La CMP n’a pas cru bon de préciser la teneur du lien de causalité entre le document saisi et l’infraction poursuivie, de sorte qu’une simple lettre, qui constituerait un indice indirect et ténu de facilitation de l’infraction, pourrait être saisie.
La seconde situation est relative aux perquisitions qui pourront être diligentées dans le cabinet et au domicile de l’avocat lorsque ce dernier aura « fait l’objet de manœuvres ou actions », qui auraient permis la commission la poursuite ou la dissimulation d’une infraction, sans qu’il n’ait eu cette intention.
La question est alors de savoir à quel moment l’avocat est considéré comme manipulé par son client ? Quel comportement ou action de l’avocat caractérise une poursuite ou une dissimulation de l’infraction, sans intention de commettre, poursuivre ou dissimuler l’infraction ? Qui, alors même que l’avocat ne sera pas entendu sur cette prétendue manipulation au préalable, statuera sur l’existence de cette manipulation contre le gré de l’avocat ?
Il paraît évident que cette disposition permet de généraliser les perquisitions du cabinet et du domicile de l’avocat au seul motif que :
- le client serait soupçonné d’avoir participé à l’une, et donc n’importe laquelle, des infractions prévues par le Code pénal ;
- l’avocat aurait été manipulé par son client et aurait, sans le vouloir, commis une infraction, poursuivie la commission de l’infraction, ou dissimulé l’infraction commise par le client.
Ainsi, à l’appui de cette disposition, le parquet ou le magistrat instructeur pourront saisir tous documents se trouvant au cabinet et au domicile de l’avocat, sans que le secret ne puisse leur être opposé, lorsque, par exemple :
- le client, qu’il a accompagné pour l’ouverture de comptes bancaires à l’étranger, est poursuivi pour non-déclaration d’un compte à l’étranger, en considérant que l’avocat aurait été manipulé pour dissimuler ce compte ;
- le client, qui ne souhaite pas que son enfant aille chez l’autre parent durant un week-end, est poursuivi pour non représentation d’enfant, en considérant que l’avocat aurait été manipulé pour permettre cette non représentation, par ses consultations ou analyse des pièces fournies par le client.
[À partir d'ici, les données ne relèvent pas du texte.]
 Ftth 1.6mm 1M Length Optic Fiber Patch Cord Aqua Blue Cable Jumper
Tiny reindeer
Ces dispositions mettent fin à la confiance du client en son avocat, au rôle de confident que joue l’avocat, et mettent un terme au principe selon lequel nul ne peut s‘auto incriminer, pourtant garantie par la Convention européenne des droits de l’homme au titre du droit à un procès équitable (article 6).
Si le parquet ou le magistrat instructeur peinent à trouver des preuves, même indirectes, permettant d’impliquer des citoyens dans la commission des infractions, le havre de confidence, cet antre d’intimité que constitue le cabinet de l’avocat, ne saurait devenir le terreau de preuves au service du parquet et des magistrats instructeurs.
C’est pourquoi, nous vous sollicitons afin de voter contre ces amendements qui, loin de restaurer la confiance dans la justice, instillent la défiance du justiciable envers l’appareil judiciaire, le secret qu’il confie à son avocat étant réduit à néant.